Mis hermanos sí fueron al colegio, el único que no estudió fui yo. Como la plata que había no alcanzaba para ponernos a estudiar a todos, mis papás preguntaban: "¿Quiénes quieren estudiar?". Mis hermanos decían: "Yo, yo, yo". Pero yo no le ponía fundamento, no le ponía ganas, no decía que quería estudiar.

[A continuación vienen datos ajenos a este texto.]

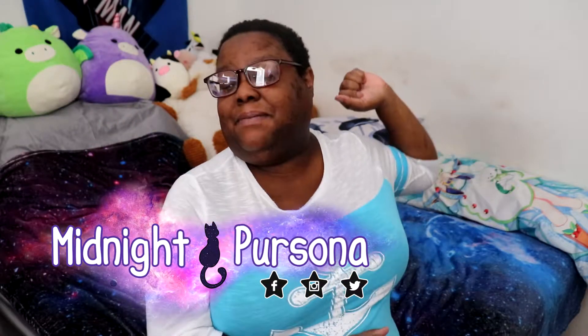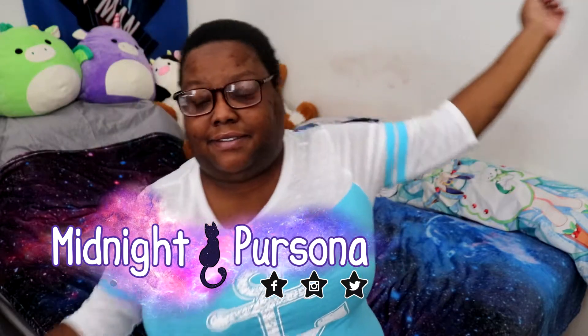Hey everybody, welcome back. It's Midnight Persona and I have a Sephora Play box. This month of August is the Sephora Play box. So let's dive right in like we usually do.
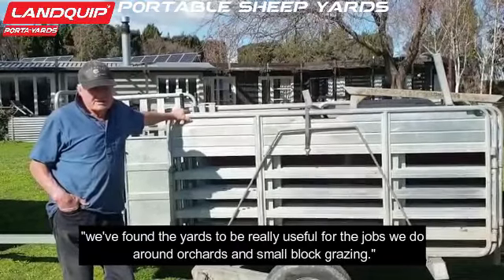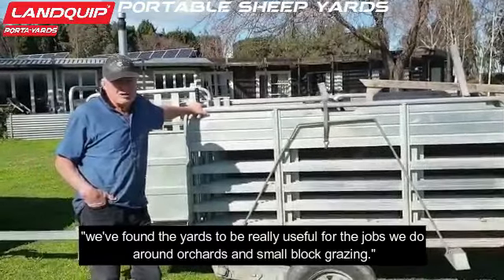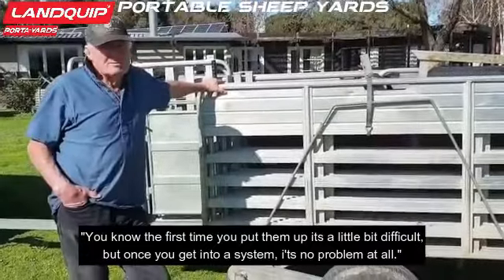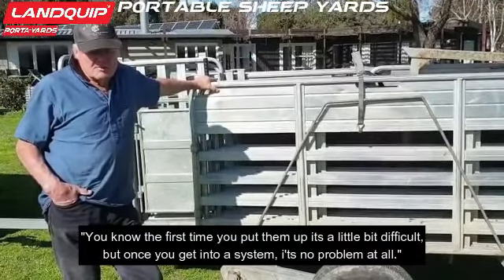We found the yards to be really useful for the jobs that we do around orchards and small block grazing. The first time you put them up is a little bit difficult, but once you get into a system, there's no problem at all.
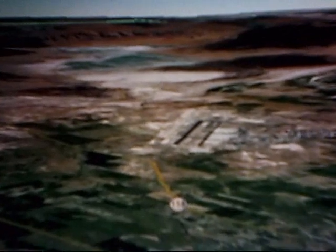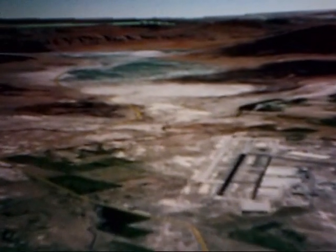We are now traveling east over Fallon, Nevada, towards the Project Shoal site, 15 to 25 miles on Highway 50.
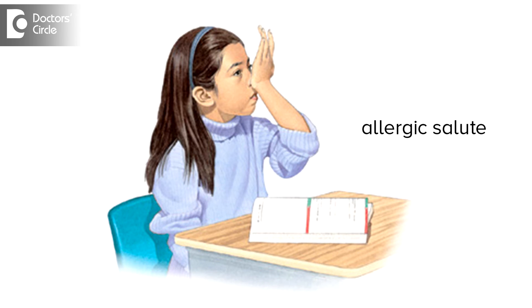We may see the allergic salute — the child keeps on brushing the nose with the palms, resulting in creases on the dorsum of the nose. This is what we call the allergic salute.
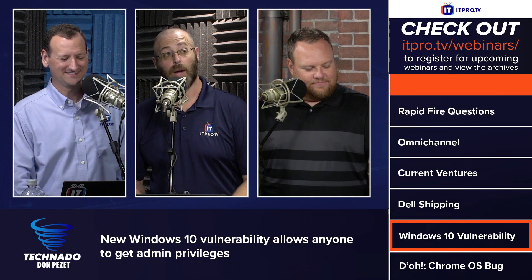If you enjoyed that segment, be sure to check out the entire podcast available in the playlist. Subscribe to stay up to date with the latest tech news and other happenings in the IT world. New episodes every Thursday.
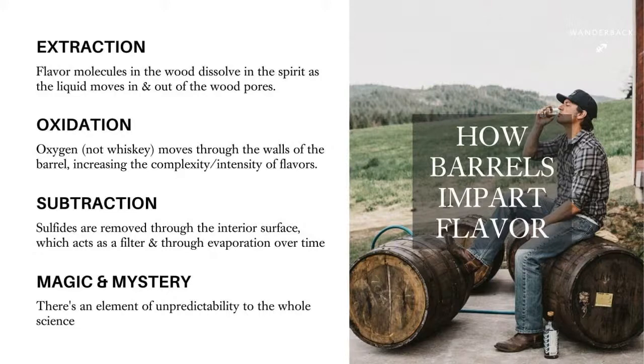Probably the most exciting thing is the magic and mystery step. Sometimes you can follow the exact same steps for every single whiskey and somehow one next to the other is going to be different. There's always going to be something happening where it's specifically what's going on with the wood, and there's a fun unpredictability factor — the magic and the mystery. How do you account for it?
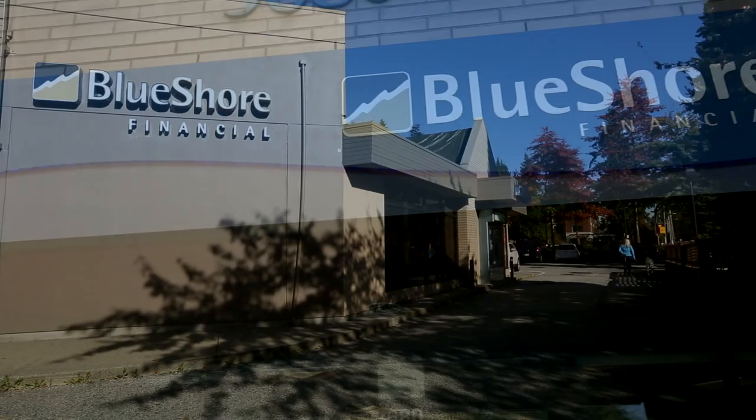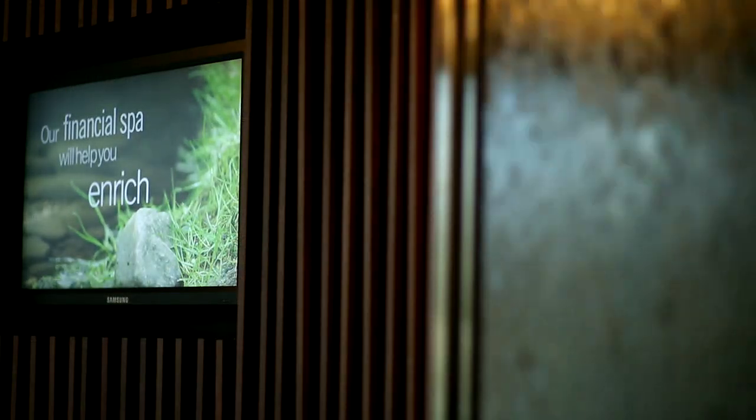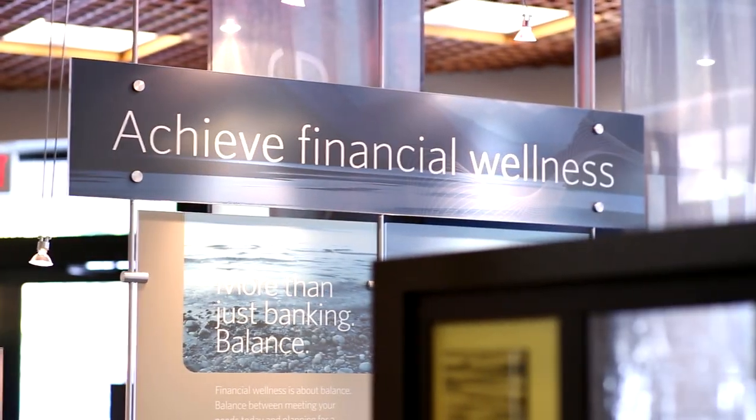Blue Shore Financial is about being a full-service financial institution, but more importantly we focus on wealth management, on people fulfilling their financial dreams and making sure that their financial wellness is in order. It's not about financial transactions anymore — it's much more complex than that.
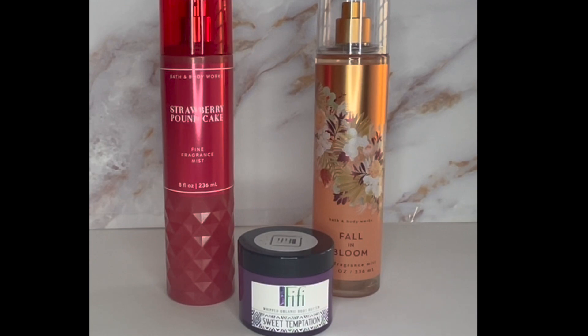If you top it off with a perfume, you just smell like a sweet floral. They don't compete with each other and they work really well. That is Strawberry Pound Cake by Bath and Body Works.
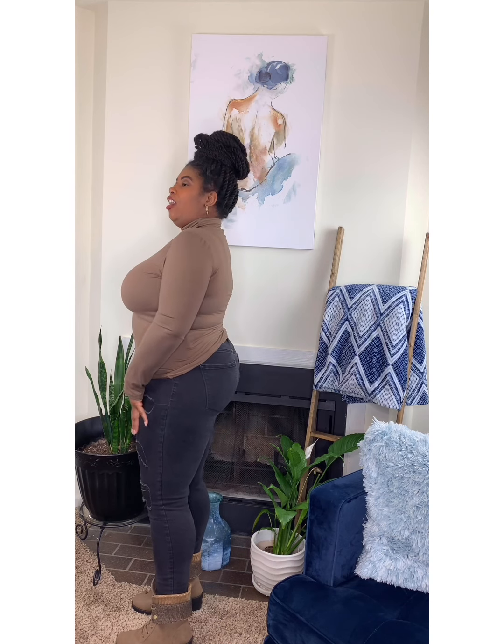Hello tulips, I know you guys have been waiting for a video and today is the day. I'm going to show you how to style some of our basic tops, so let's start with this look.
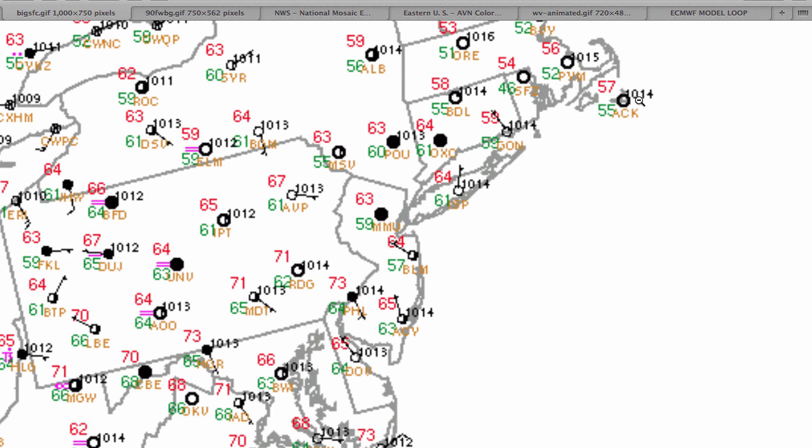Temperatures today will rebound pretty much close to near normal levels with high temperatures in the lower to mid-80s this afternoon, with broken to overcast cloud cover throughout the entire Philadelphia and New York City metropolitan area and a threat for a few showers. Not a washout in any way, shape, or form, but definitely a few showers that could produce a heavy downpour too that we'll have to keep an eye on over the next 24 hours.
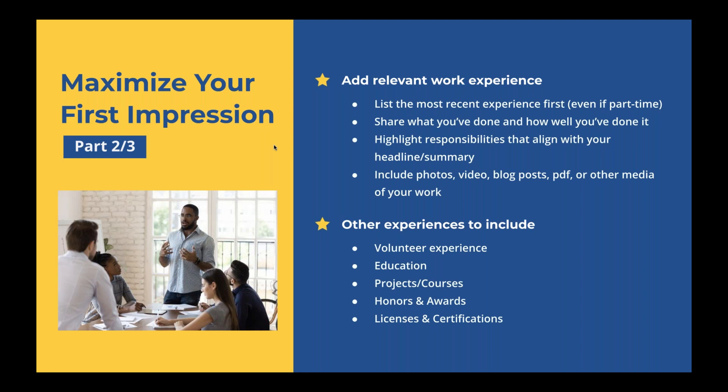The second part to maximizing your first impression is to add relevant work experience. The experience section is a place to share what you've done and how well you've done it. Highlight the responsibilities that align with your headline and summary, and list the most recent experience first — even if it's part-time while in school, it shows you're looking to acquire relevant experience. You can also include photos, video, blog posts, PDFs, or other media within each work experience section, which is also a great way to include your online portfolio.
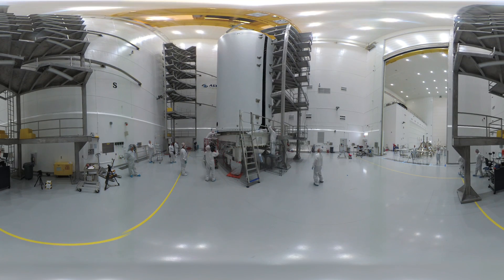Parker Solar Probe, built by the Johns Hopkins Applied Physics Lab, will keep her protective heat shield between herself and the Sun once she's in that orbit. The spacecraft will soar through the Sun's 3 million-degree plasma atmosphere that we call the Corona, and give our scientists some incredible data to answer long sought-after questions about the Sun.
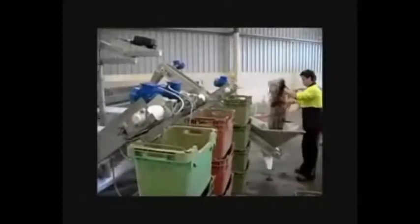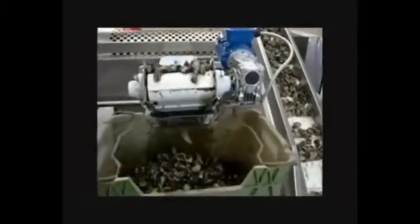Waterborne grading is far more accurate than conventional methods. Elevators carry graded juveniles to their allocated baskets for distribution.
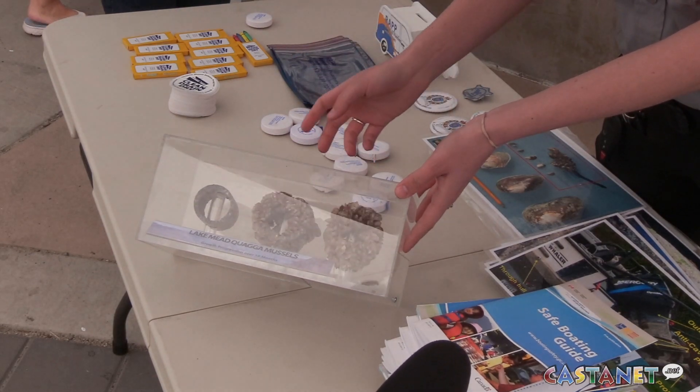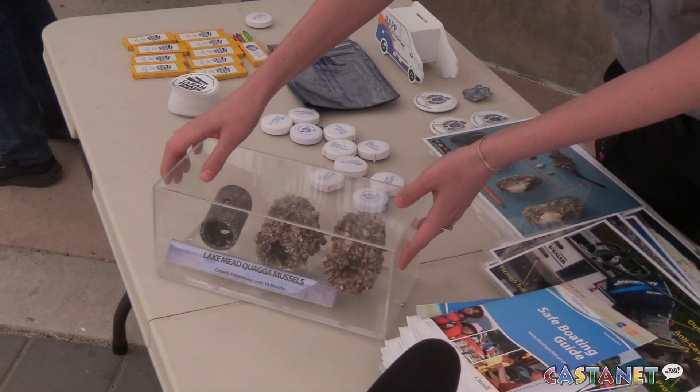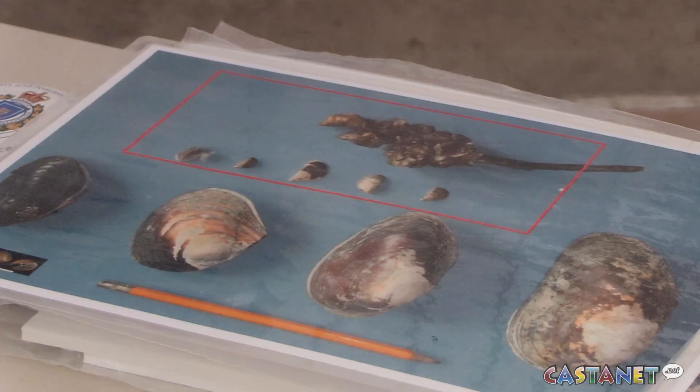We've also seen a lot of costs to infrastructure. In hydropower electric dams they can be reduced in capacity by 50%, so that's a big problem. Also any municipal water intake, any agricultural water intake systems — essentially anything that draws water from a fresh water body could be affected.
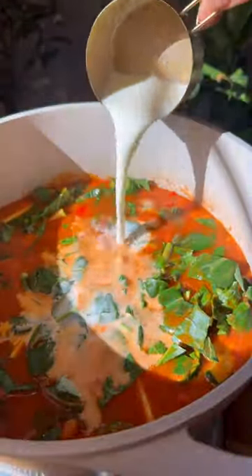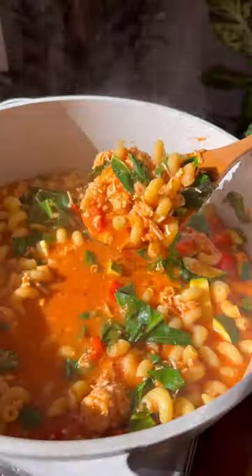By using whole dairy milk, it adds 13 essential nutrients like calcium, vitamin A, vitamin D, and all of those help support a healthy immune system.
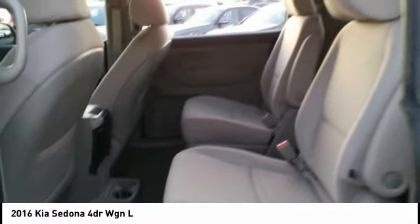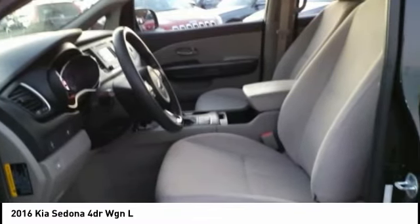A vehicle like this doesn't come along every day. Come in and get it before someone else does.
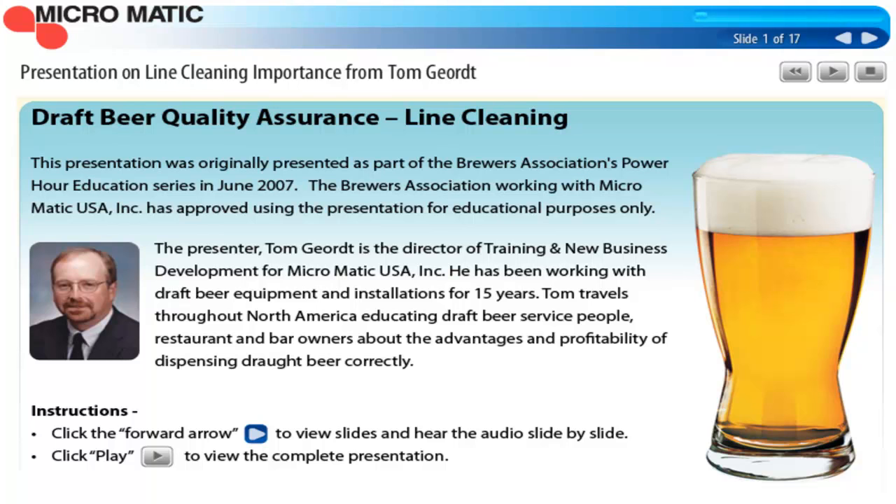I want to talk about what happens after the brewer brews that great beer and it's delivered out to the retailers, but then it gets poured through dirty beer lines. I'm going to go through the process of cleaning draft beer lines and maintaining a draft beer system outside of the brewery. I know a lot of you have dispense systems inside your brew pub or brewery, and this information can apply to those situations as well.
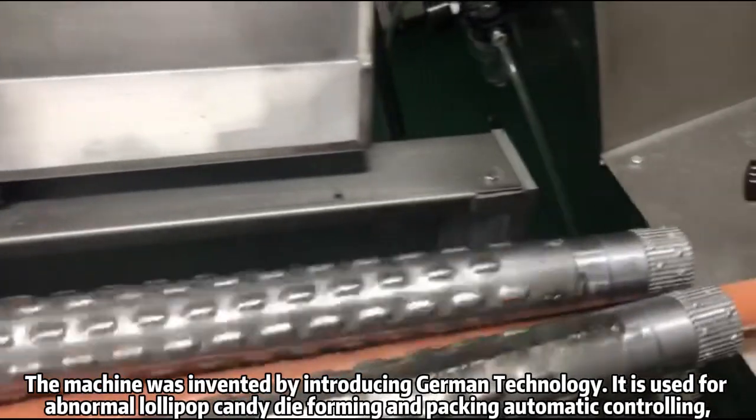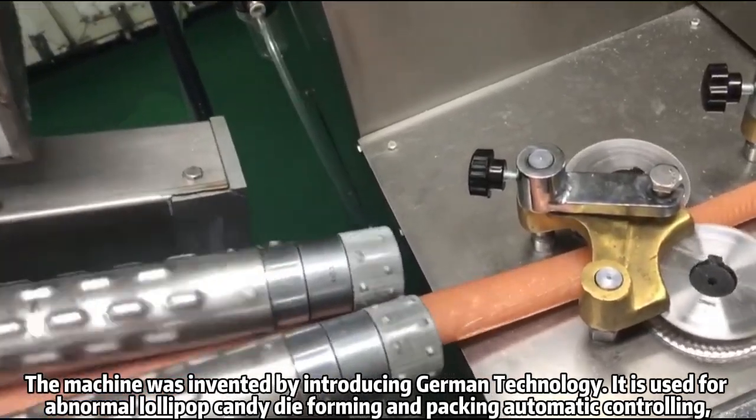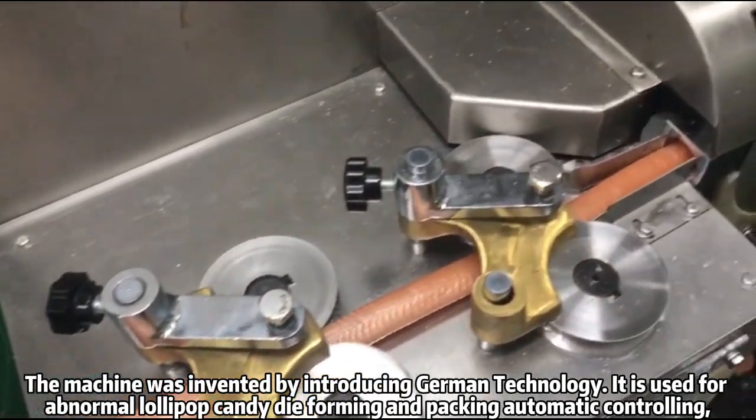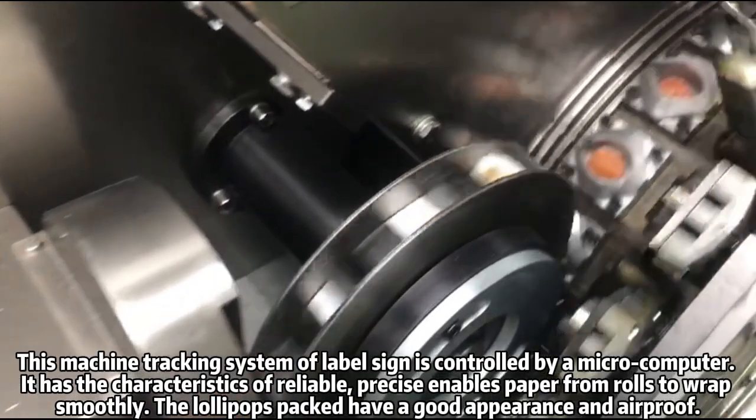The machine was invented by introducing German technology. It is used for lollipop candy die forming and packing automatic controlling. This machine's tracking system of label sign is controlled by a microcomputer.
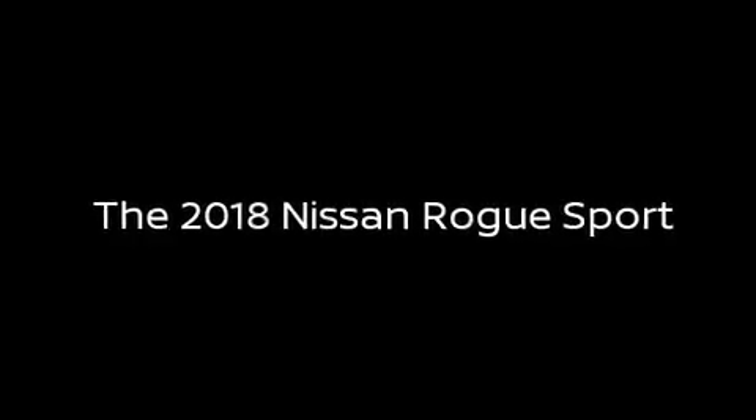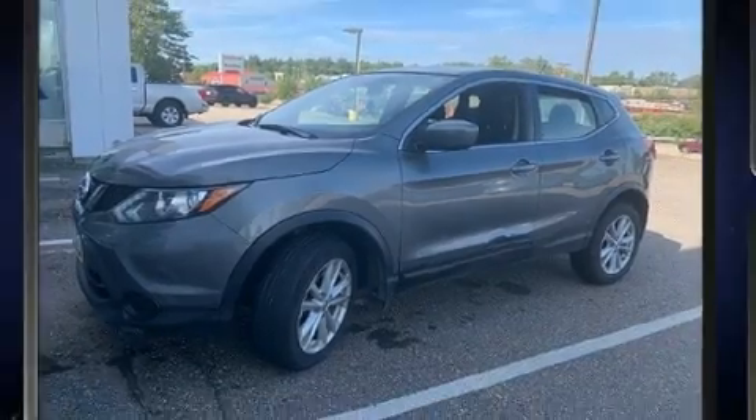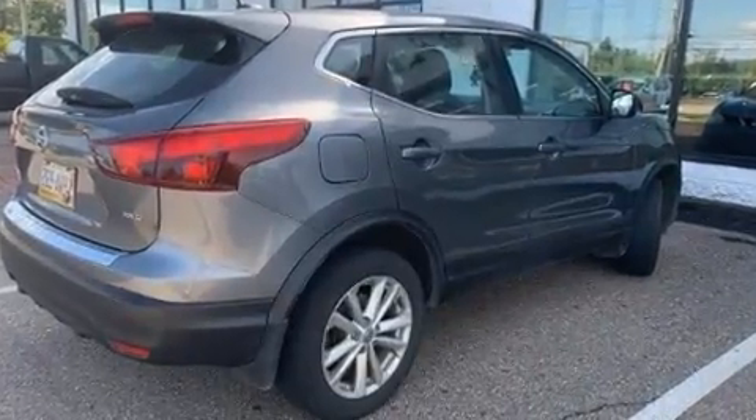Sensibility and practicality define the 2018 Nissan Rogue. Smooth gear shifts are achieved thanks to the efficient four-cylinder engine, and for added security, dynamic stability control supplements the drivetrain.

Nací en Herrera, Tolima, hace 16 años. Somos siete hermanos, y yo soy de los mayores. Me la pasaba con mis papás, pero no hacía mayor cosa. Me ponía a jugar y los acompañaba. Estuve con la familia hasta los nueve años. Luego comencé a andar con los vecinos, que trabajaban la amapola y me llevaban a sembrarla. Les ayudaba y me daban cualquier cosa. Yo andaba contento detrás de ellos; así fui creciendo, le cogí amor a ese trabajo y aprendí a hacerlo bien. Duré como dos años en esas; a lo último me rendía mucho la recogida de la amapola, y me pagaban 5.500 pesos por cada copada de mancha.

El trabajo es así: uno coge las cuchillas de afeitar (de las máquinas desechables de plástico), las saca, las voltea para que quede el bordito afuera, las pone otra vez en el plástico y calienta con una vela; se va doblando y queda la cuchillita salida; con el aparatico raya la pepa de la amapola. Ella bota una manchita blanca, como un caldito, como una agüita, y uno la recoge en una copa de esas donde vienen los rollos de fotografía. En la ligereza de la persona está todo. De tanto darle, me volví práctico: recogía doce o catorce copadas en el día y me ganaba 700, 800.000 pesos cada nada. Compraba juguetes y bobadas, y les prestaba plata a los demás, que nunca me pagaban. Mantenía con los vecinos en una zona de puro frío, donde hacíamos cambuches para poder cosechar. Salía al pueblo cada dos, tres meses. Iba de la montaña al pueblo y compraba lo que necesitaba. Me tiraba la plata, le daba un poco a mi familia y me iba otra vez. Después me salí y comencé a coger café por la vereda San Isidro, y a bolear machete en el campo. Me pagaban a 8.000 pesos el día y trabajaba de lunes a viernes. Los sábados y domingos iba al pueblo, a las mesas de billar, y me entretenía jugando con los que salían a hacer mercado.